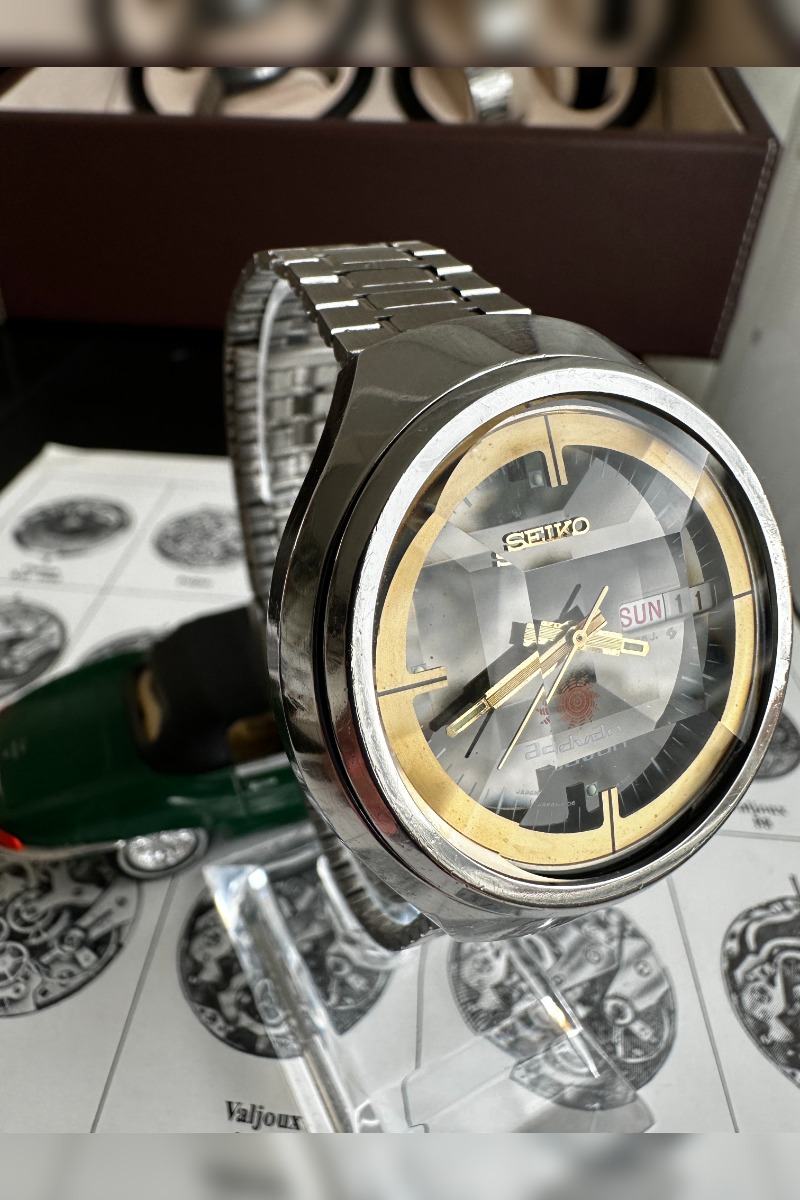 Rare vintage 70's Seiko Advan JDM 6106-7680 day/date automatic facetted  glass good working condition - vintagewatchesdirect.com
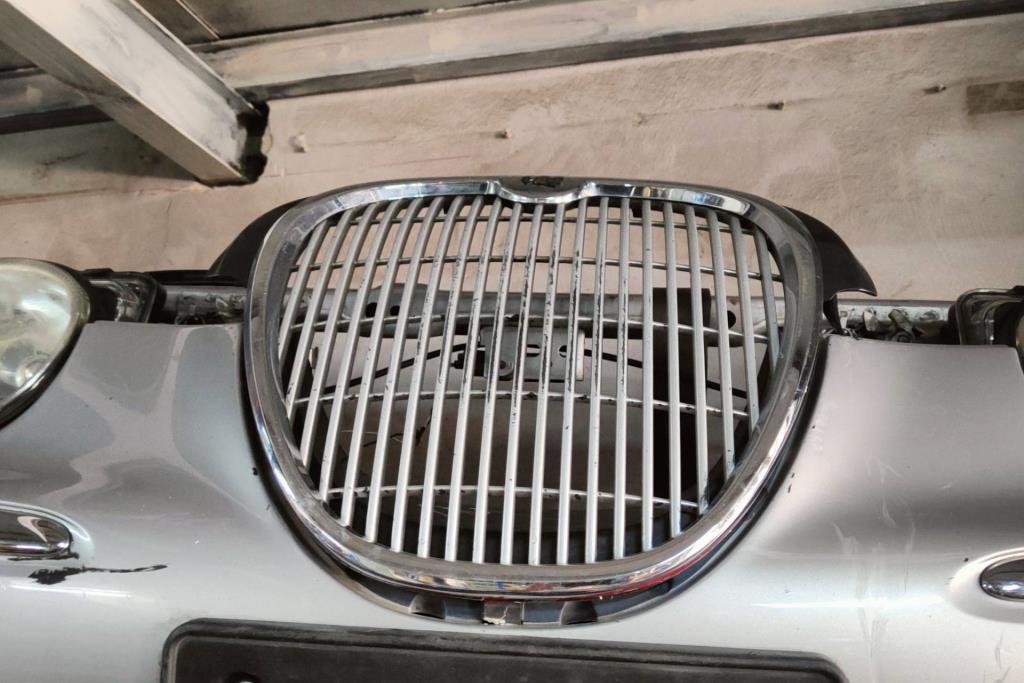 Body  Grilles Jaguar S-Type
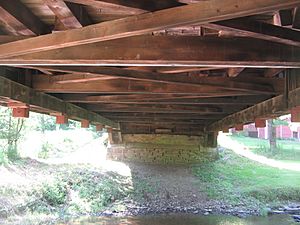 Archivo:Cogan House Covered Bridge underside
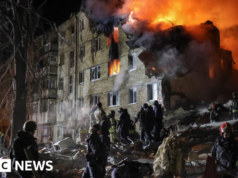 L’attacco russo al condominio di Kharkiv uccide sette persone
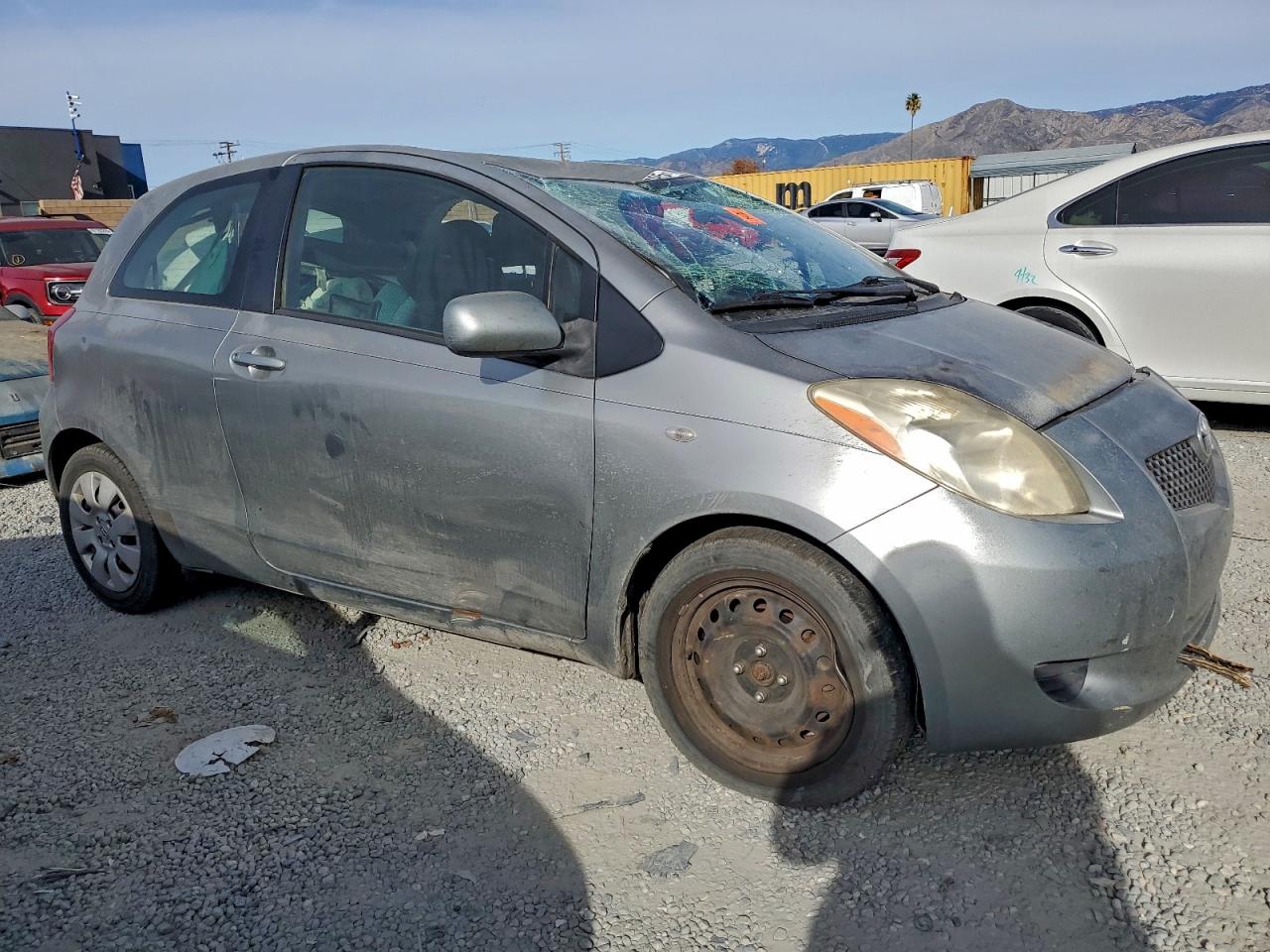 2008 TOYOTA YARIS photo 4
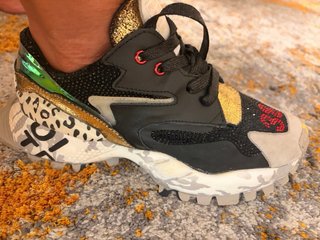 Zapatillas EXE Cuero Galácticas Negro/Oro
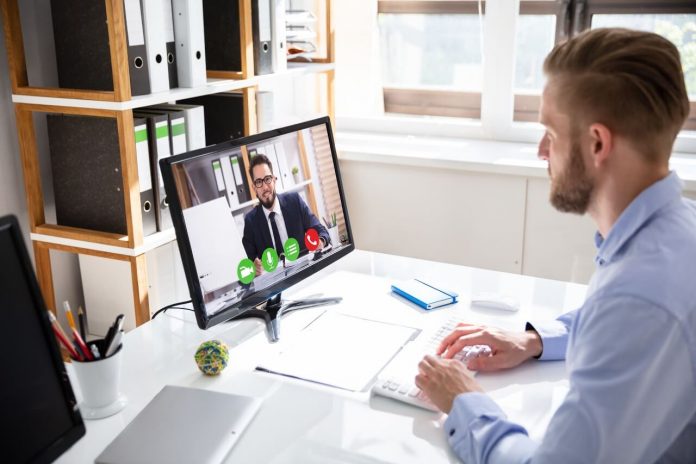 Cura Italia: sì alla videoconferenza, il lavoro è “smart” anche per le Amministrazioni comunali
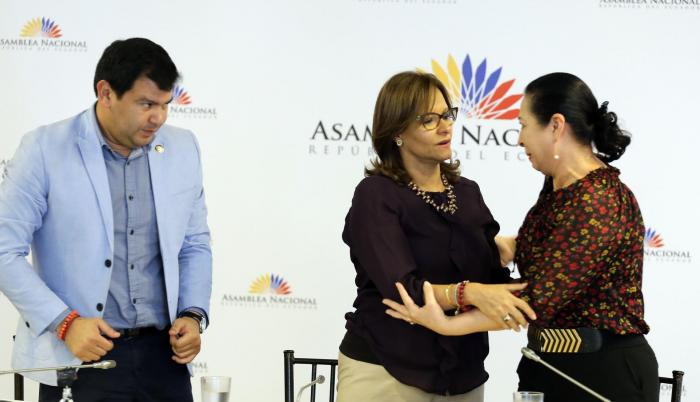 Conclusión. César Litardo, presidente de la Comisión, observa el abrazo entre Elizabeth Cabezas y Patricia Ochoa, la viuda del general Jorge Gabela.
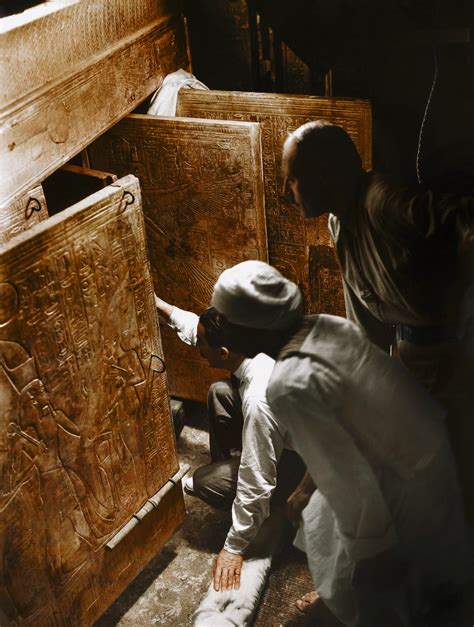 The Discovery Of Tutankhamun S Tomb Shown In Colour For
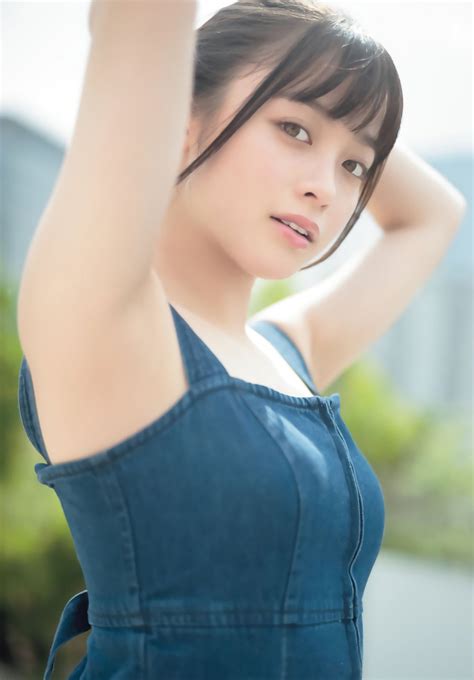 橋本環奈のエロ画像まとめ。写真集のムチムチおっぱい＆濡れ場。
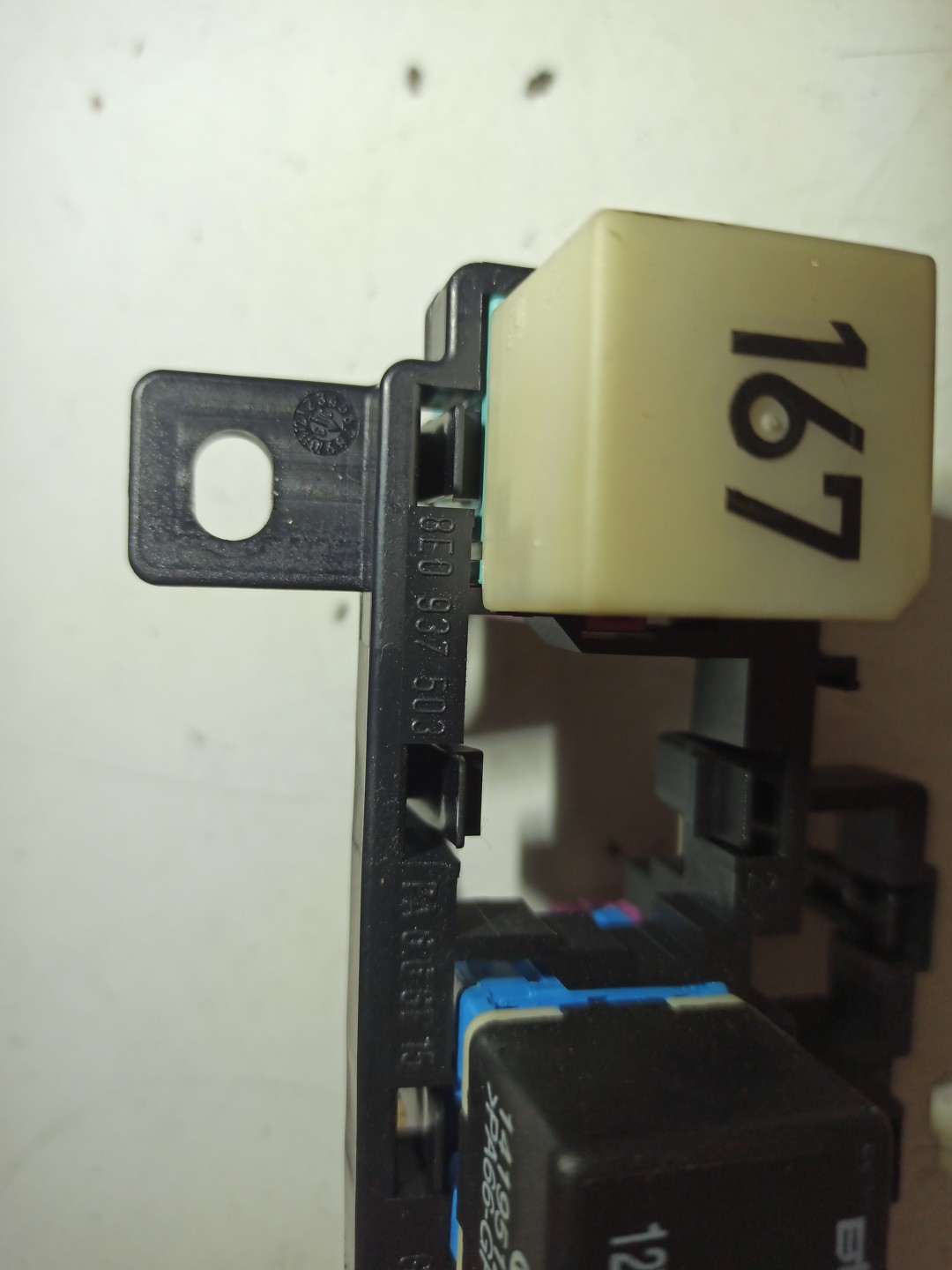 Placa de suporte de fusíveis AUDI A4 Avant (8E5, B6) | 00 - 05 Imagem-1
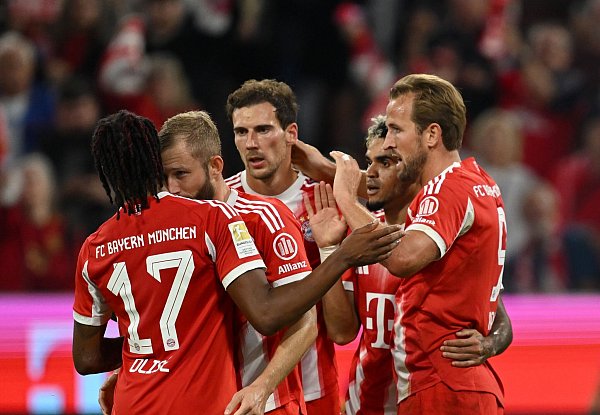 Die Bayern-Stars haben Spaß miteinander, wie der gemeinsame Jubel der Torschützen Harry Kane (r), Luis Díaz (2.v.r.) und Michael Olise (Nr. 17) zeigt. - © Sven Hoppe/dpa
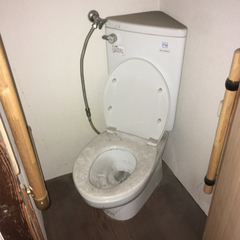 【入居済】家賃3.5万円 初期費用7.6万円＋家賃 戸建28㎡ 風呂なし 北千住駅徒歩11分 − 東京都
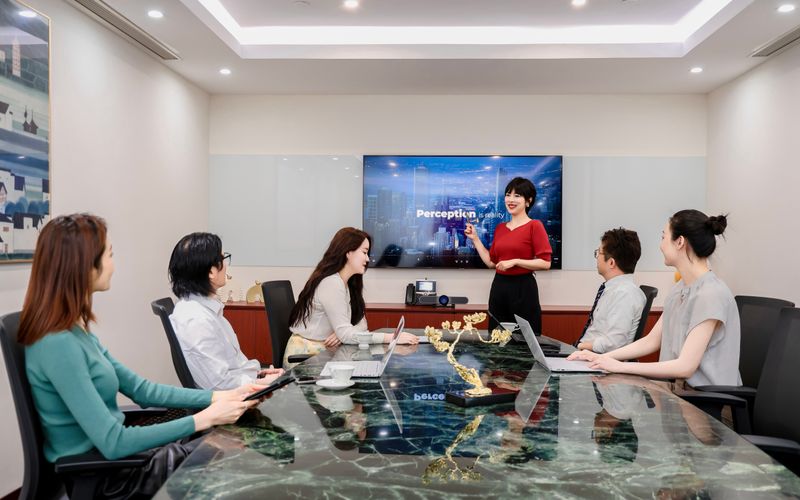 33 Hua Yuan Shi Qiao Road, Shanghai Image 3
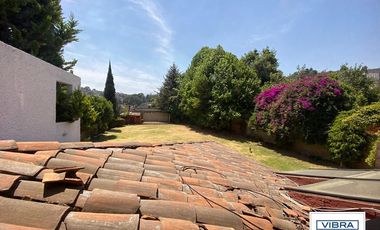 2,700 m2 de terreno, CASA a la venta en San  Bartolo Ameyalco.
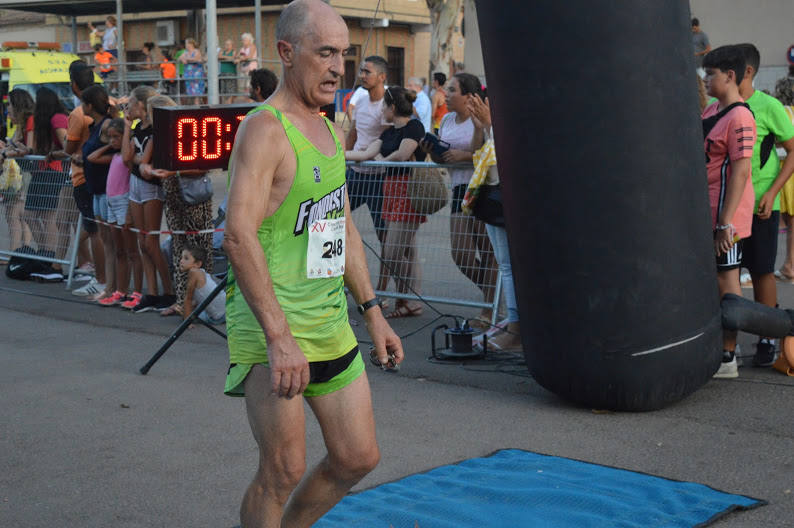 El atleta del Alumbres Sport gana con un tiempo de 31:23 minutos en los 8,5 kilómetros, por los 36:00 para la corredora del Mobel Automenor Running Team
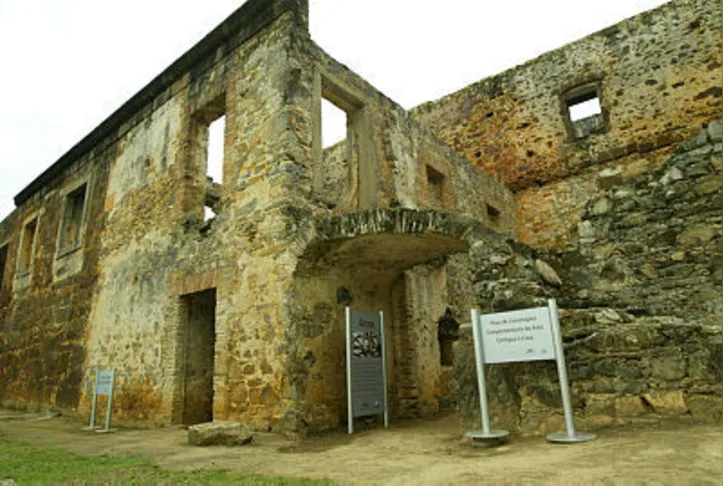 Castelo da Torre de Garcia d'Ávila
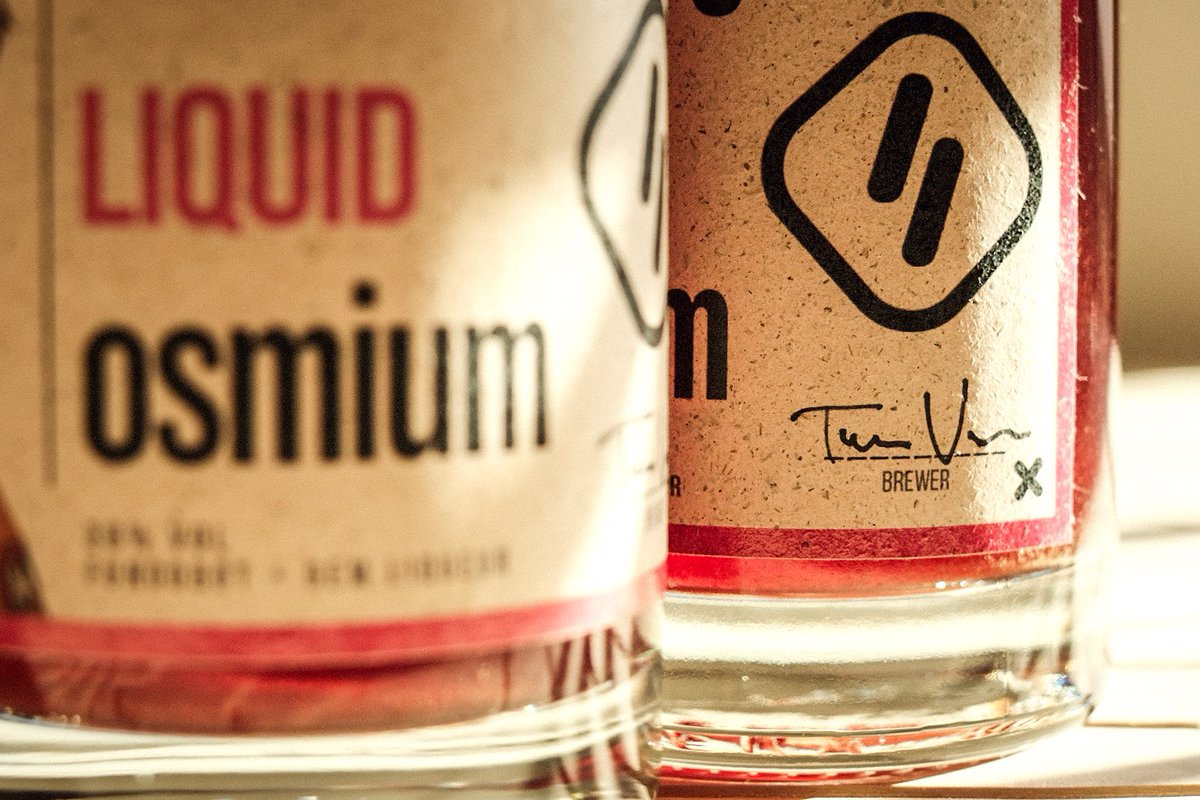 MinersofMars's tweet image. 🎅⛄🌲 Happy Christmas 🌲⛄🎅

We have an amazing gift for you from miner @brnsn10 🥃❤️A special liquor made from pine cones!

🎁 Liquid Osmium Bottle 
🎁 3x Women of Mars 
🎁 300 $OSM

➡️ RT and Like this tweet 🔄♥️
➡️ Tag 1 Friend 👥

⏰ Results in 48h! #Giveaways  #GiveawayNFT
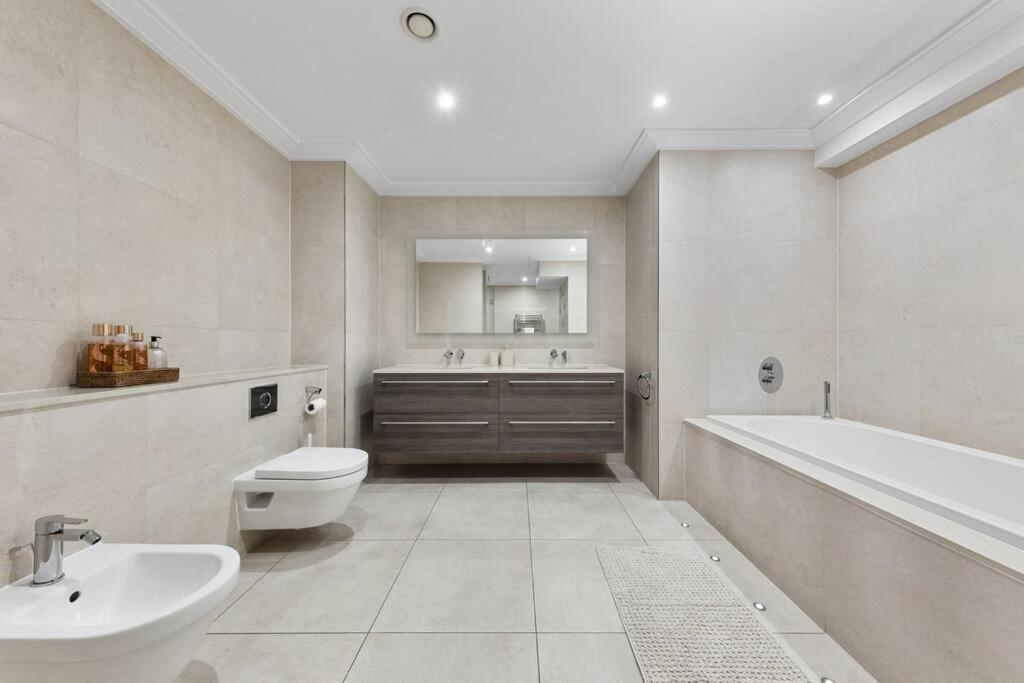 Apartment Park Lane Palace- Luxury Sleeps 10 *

==============================

- _Directions_
What you give back should be exactly the lines from the top of the data above down to and including the line with "Cura Italia: sì", minus any pictures.

- _Answer box_
 Rare vintage 70's Seiko Advan JDM 6106-7680 day/date automatic facetted  glass good working condition - vintagewatchesdirect.com
 Body  Grilles Jaguar S-Type
 Archivo:Cogan House Covered Bridge underside
 L’attacco russo al condominio di Kharkiv uccide sette persone
 2008 TOYOTA YARIS photo 4
 Zapatillas EXE Cuero Galácticas Negro/Oro
 Cura Italia: sì alla videoconferenza, il lavoro è “smart” anche per le Amministrazioni comunali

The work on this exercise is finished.